In October, 26 surgeons and operating room nurses traveled from Hawaii to Dhankuta in eastern Nepal. They went there planning to do as much surgery on the townspeople as they possibly could, in a word, to "reach the unreached."

ThinkTech was fortunate to interview Honolulu surgeon Brad Wong, leader of the Aloha Medical Mission, which arranged the trip. He shared his footage, and we made a movie for OC16. The story is powerful, and putting it together was a powerful experience. See OC16.tv and AlohaMedicalMission.org.

In the First World we’re used to surgery by skilled surgeons who use high-tech operating rooms and equipment. Not so in Dhankuta and the developing world where this kind of surgery is unknown, unavailable and akin to cargo cult.

Namaste is a Hindu greeting. You put your hands together, tilt your head and greet someone in peace. When the mission arrived, that’s what everyone in Dhankuta did, filling the town’s one street for hours. It spoke volumes.

Nepalese are a graceful people with a notable purity of spirit. They were responsive and openly appreciative to people with the mission who came so far to help them. It was a coming together of cultures and participants; no further words required. The benefits were personal and fully reciprocal.

Members of the mission made good on their plan. They improved the lives of hundreds of people in Dhankuta. As patients were wheeled from the makeshift operating room (three tables), they whispered, "Thank you, thank you." Touching and healing by surgical hands has a lasting effect, inside and out.

The doctors and nurses who come overcome their fears. The mission is not a vacation, but a plunge into hard work that requires the courage to deal with deprivation and the respiratory and intestinal challenges of remote areas. They rediscover their medicine, unconstrained by big-city politics and risks that might have dampened their enthusiasm at home. Their testimonials are tearful and touching.

It’s not every day we stumble into a transformation of the human spirit. They worked so hard, but the gift of it was enormous and transcendent. They are lucky to have found this experience, and we are lucky to have found them.

My hat’s off to the mission. Hippocrates lives and so does our special aloha. The Aloha Medical Mission is proof again of the sometimes elusive but always essential human need to help others. It’s a fine example of what we aspire to in Hawaii—education, health, tech, building a bridge to Asia and helping people.

Dhankuta won’t be unreached forever—it’s not unlike the areas in Zimbabwe and Afghanistan written up recently in The New York Times. By fits and starts, modern medicine is reaching these people, even if they have to pay for it with chickens. Once they’ve had it, can they ever again be satisfied with less?

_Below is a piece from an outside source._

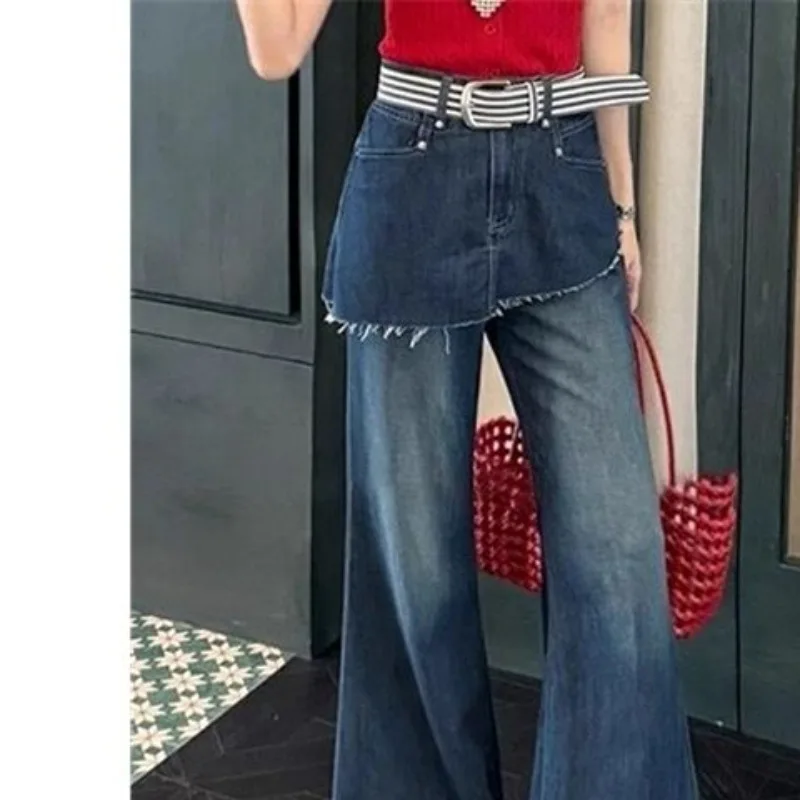 

Темно-синие женские джинсы с высокой талией, слегка расклешенные, не облегающие ноги, визуально стройнящие, повседневные, расклешенные, длиной в пол.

The global flow of tech and medicine is to reach everywhere and be accessible to everyone. Modern medicine inevitably will come to Dhankuta, not only from organizations like Aloha Medical Mission, but also from its own locally trained health care workers. Cuba is known for practicing and teaching medicine in the developing world. Nepal and any country can have its own medical schools.

Dhankuta teaches us that among our health professionals there are people who are truly dedicated to reaching the unreached. They beckon us to go with them. If you accept, go soon and stay longer. If not, there’s no reason why you can’t join Aloha Medical Mission to help people right here in Hawaii.

After all, namaste, like aloha, means more than just saying hello.